Anyway, I enjoyed my time there. They had to get going, so I just had a brief chat and quick look around: in addition to the grapes (of which I want to re-mention the native dorona), there were also plums and flowers. The covered area with the canteens was, as it should be, dark and humid, with lots of barrels, carboys and bottles. Random objects like straw hats, drawings, bags and more looked as testimonies of the presence of the workers, adding a feel of 'life' and 'humanity' to the place. After a while I left. I didn't have the time to stop and help and didn't want to disturb, so once left the vines, I had a walk in the cemetery and visited my grandparents. Overall, a lovely morning with wonderful people.
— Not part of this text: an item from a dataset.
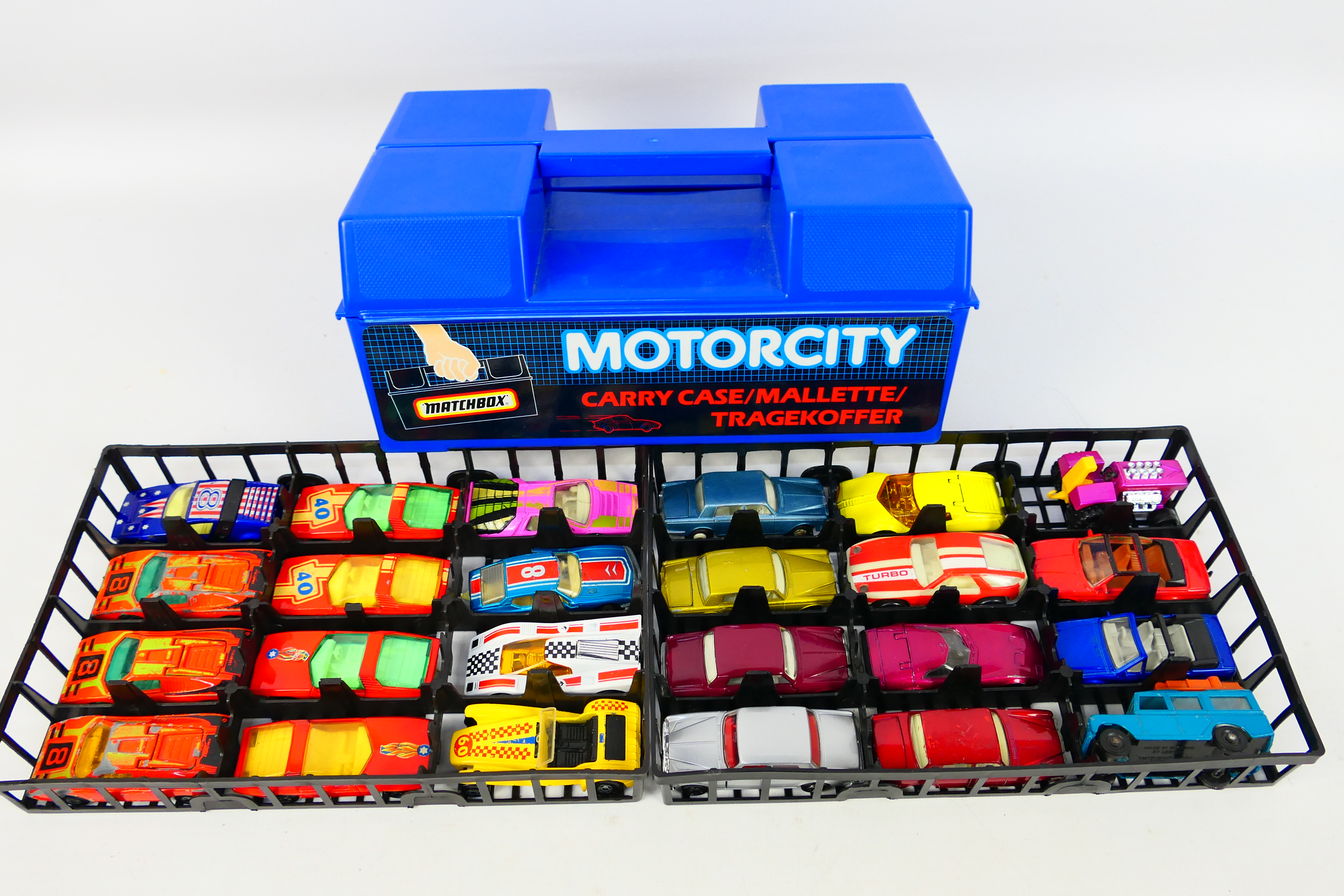 Matchbox - A plastic Matchbox carry case containing 24 mainly Matchbox Superfast diecast model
I hope that what I wrote is enough to convince you to try this wine while in Venice! The labels are four: Le Zittelle Fertili (blend of cabernet, merlot and lambrusco), La Tana Sconta (a friulano), Arcangeli Scalzi (moscato) and In Vino Veritas (malvasia, dorona and glera), each very unique and worth at least a sip. In order to taste them, you must participate in one of their events (join their Facebook group for updates) or becoming a member of the association and taking part in the works (for info on how to become a member, send an email through this from).
One of the reasons why Vito likes to be part of this community, is exactly this: not only do we get to drink authentically Venetian wine, we can also support a positive activity for the city. Anyway, to accompany the wine In Vino Veritas, I made two types of crostini: one with chiodini and a chickpea spread, and the other with finferli and mozzarella fior di latte. The chiodini have an earthier taste and combine perfectly with the chickpea spread (a sort of denser hummus, but with no tahini - I use these chickpeas here, the best, trust me), while the milder finferli and the mozzarella, well... mouthwatering!!!! A perfect Venetian style aperitif, let me know what you think and buon appetito!
2 TYPES OF VEGETARIAN CROSTINI WITH MUSHROOMS
Prep. Time: 10'
Cook Time: 10/12'
Yield: about 12 crostini
1 loaf of brown bread
200 gr chiodini mushrooms
200 gr finferli mushrooms
2 cloves of garlic
1 canned organic chickpeas
3 black olives
1 mozzarella fior di latte
rocket salad to garnish (optional)
extra virgin olive oil
1) Wash the mushrooms well, then cook with the same method in two separate pans: heat the pan, pour some oil, add a crushed clove of garlic, the mushrooms, a pinch of salt and let simmer for about 10 minutes.
2) In the meantime, drain the chickpeas and wash well. Put in a steel bowl with the chopped black olives and lots of olive oil, stir and mix with a hand-blender/food processor, until you get a nice soft spread. Keep aside.
3) Open the mozzarella and tear with your hands into small pieces.
4) When the mushrooms are ready, let cool and slice the bread (and toast if you like).
5) Spread the chickpea cream on half of the crostini and tops with the chiodini mushrooms, then place the mozzarella on the other half of your crostini and top with the finferli. Grind some pepper, sprinkle with a little bit of roughly chopped rocket salad and serve.